暑い国の白い粉

 蒸し暑いのは苦手だ。こう書くと、今まで自分が旅行してきた国々の選択とまったく矛盾するじゃないかと思われるかもしれないが、それとはちょっと状況が違う気がする。確かに熱帯地方へ出かけることが多かったが、短パンにTシャツ足許はサンダルで、汗をかいたらいつでも水シャワーを浴びたりビールをあおったりということが可能だったから、高温多湿も苦ではなかった。なにより、湿気の中には様々の匂いが溶けていて魅力的だった。
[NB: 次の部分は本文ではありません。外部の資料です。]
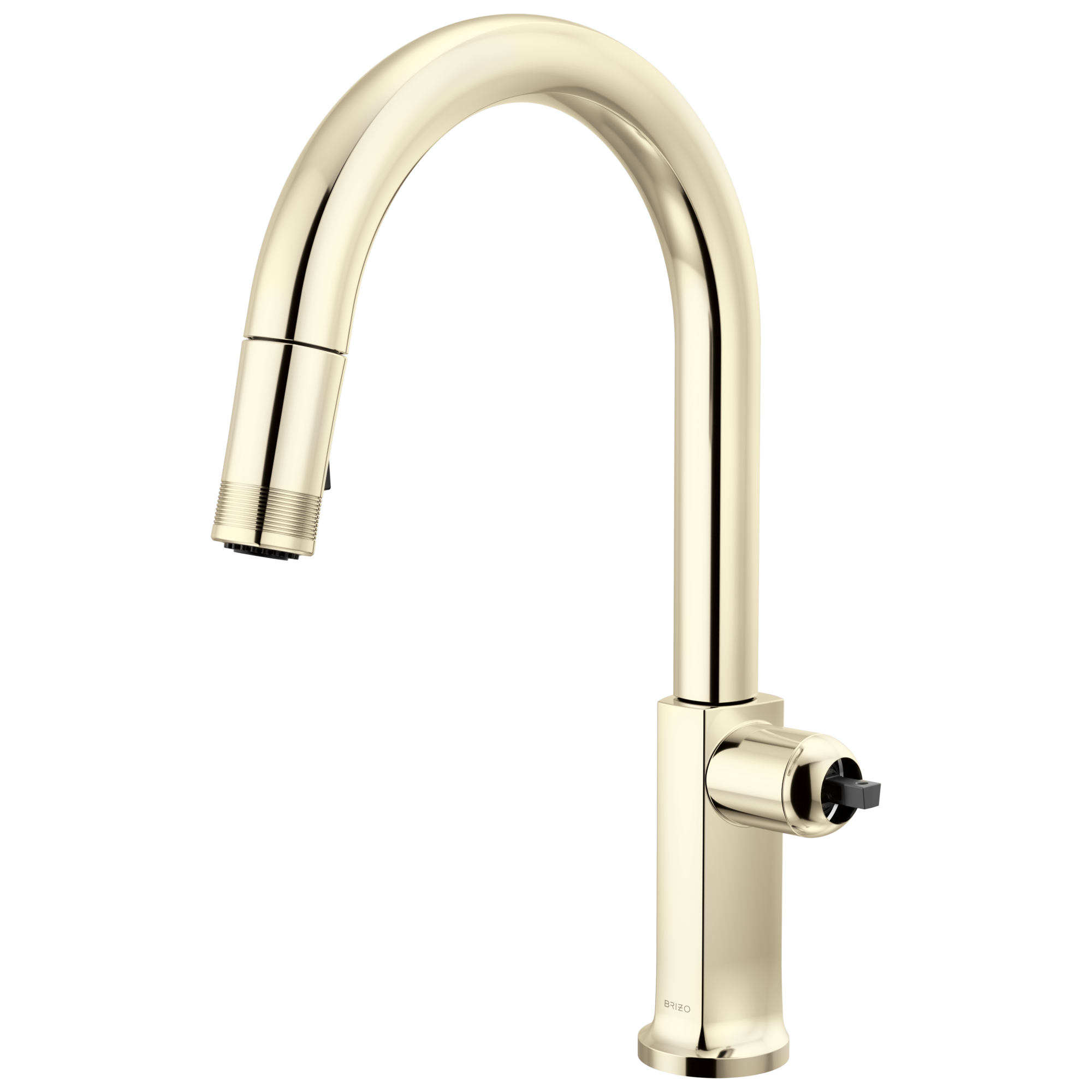 Brizo Kintsu® Pull-Down Faucet with Arc Spout - Less Handle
 ところがここしばらく僕が呼吸している空気のほとんどは無臭で没個性的である。考えてみれば夏を日本で過ごすのは3年ぶりでだ。こんなにセミがうるさかったっけ、と毎日のように思っている。しかしいくら僕が怪訝に思おうと、クマゼミ(のオス)は短い一生を鳴き続けるし、僕はネクタイを締めなくてはならない。
 この暑さからわずかでも逃れるために、「フラフラ!」というタイから持ち帰った白い粉を朝に晩にと利用している。入浴後に全身にはたくと、スーッとするのだ。と言うより、むしろ寒気を覚えるほどの清涼感が得られる。身体の水気を完全に拭き取るのではなく、したたり落ちない程度に水分を残しておくと、気化熱と合わせて強烈に効く。シャワーから上がってフラフラをはたいて、扇風機(できれば天井から吊されたファン)の風を受けると、夏のさなかにブリザードを体験できる。そこらを、ペンギンがとことこ歩いていてもおかしくないほどに冷える。
 残念ながらこの手の粉を一般名詞で何と読んだらいいのかよく知らないが、フラフラにの他に何種類もタイのスーパーやコンビニの棚に並んでいる。その中で僕がフラフラを好んで使っているのは、バンコク在住のM氏から「やっぱフラフラやろ!」というご推薦の言葉をいただいたからだ。特に他のものと比較して吟味した上で、というわけでもない。
 タイでは小さな子どもなんかが、顔までも真っ白に塗りたくっているのを見かけることがある。僕はさすがにそんな顔で電車に乗るわけにはいかないので、服に隠れる部分にはたくだけだが、それでも小一時間はヒンヤリが続く。特に背中を汗の粒がつーっと伝わるときには、氷でなでられているように感じることができる。もちろん汗そのものは不快なのだが、次善の策としてはこれに優るものは知らない。
 英語の成分表示を見てみると、どうやらメンソールが効くらしい。そう言えば、これまたタイのどこでも手に入るインヘラーという鼻から吸う薬もメンソールが主成分である。メンソールは暑いこの国の知恵なのかもしれない。だとすれば、この上にセイラムでも吸えばエアコンも必要ないほどに涼しくなれるのかもしれない。だが、残念ながら僕はタバコが大嫌いだからそういうわけにもいかない。